• _Task instructions_
Return the data word for word. Pictures are to be omitted.

• _Source data_
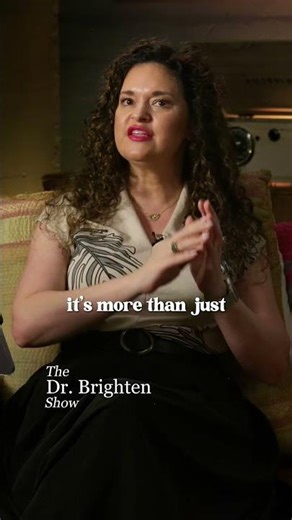 People With High ACE Scores Face More Health Problems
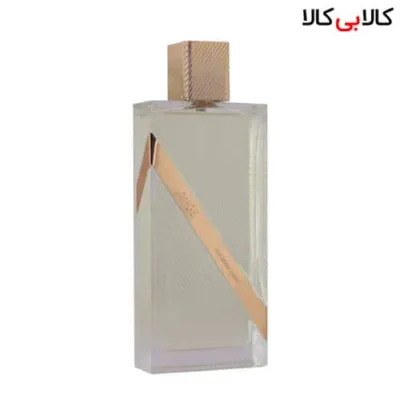 پرفیوم پارادایز لایت آنژه Paradise Light Ange زنانه حجم 100 میلی لیتر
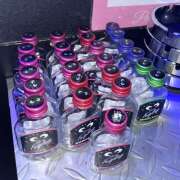 ヒメ日記 2026/02/17 00:43 投稿 くれは ピーチパイ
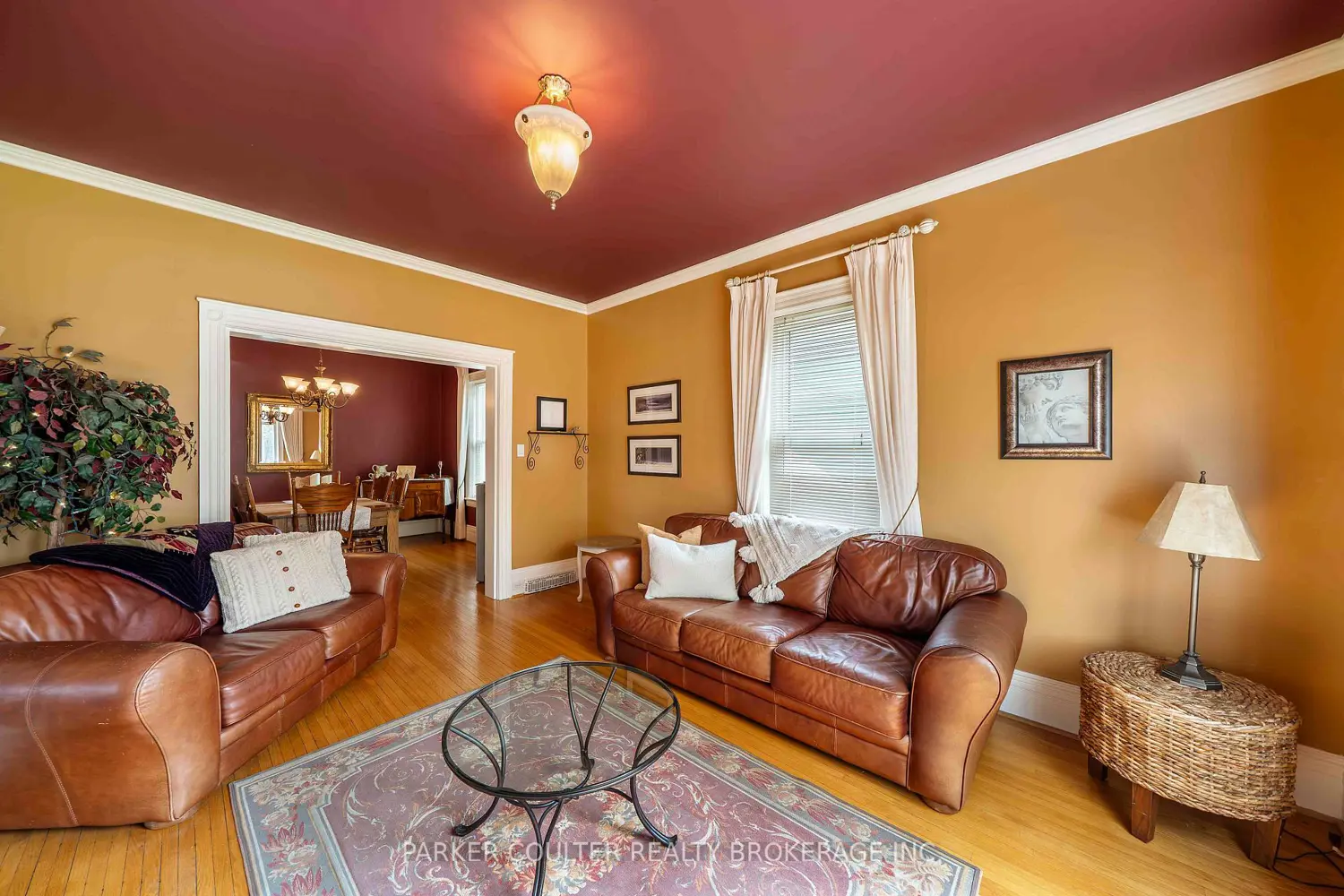 Additional image 4 of 421 Midland Avenue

• _Result of the exercise_
 People With High ACE Scores Face More Health Problems
 پرفیوم پارادایز لایت آنژه Paradise Light Ange زنانه حجم 100 میلی لیتر
 ヒメ日記 2026/02/17 00:43 投稿 くれは ピーチパイ
 Additional image 4 of 421 Midland Avenue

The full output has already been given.